Short web captions

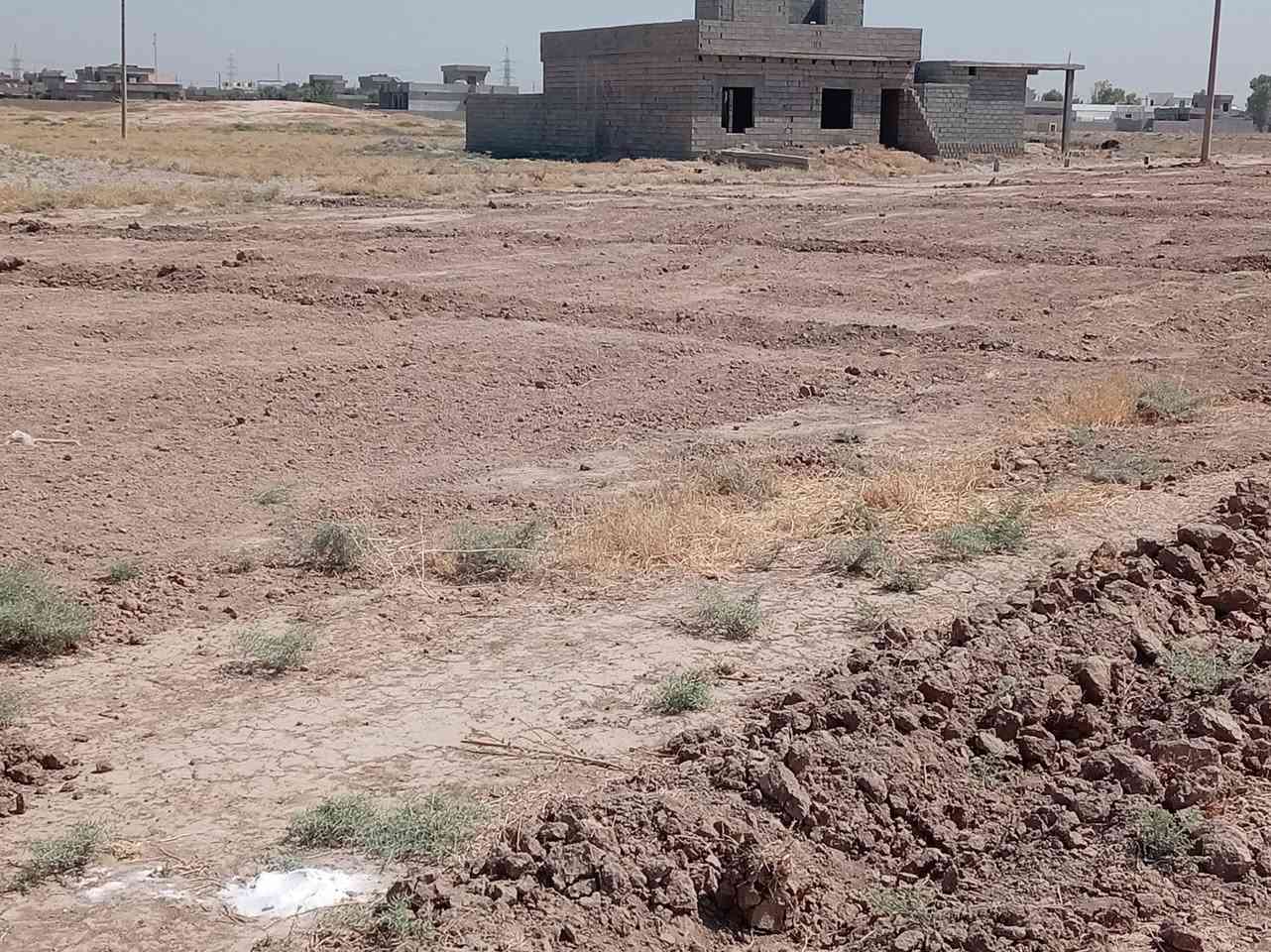 قطع للبيع الحويجة زراعي الإبراهيمية
ق،رب سيطرة المعهد
مساحة القطعة ٢٨٠ متر على شارعين
ماء وكهرباء قريبه 
سعر القطعة ٤ مليون
شكدتريد موجود
***********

**EXERCISE:**
Return every line of the data above exactly, and omit all pictures.

**RESPONSE TO THIS EXERCISE:**
 قطع للبيع الحويجة زراعي الإبراهيمية
ق،رب سيطرة المعهد
مساحة القطعة ٢٨٠ متر على شارعين
ماء وكهرباء قريبه 
سعر القطعة ٤ مليون
شكدتريد موجود
***********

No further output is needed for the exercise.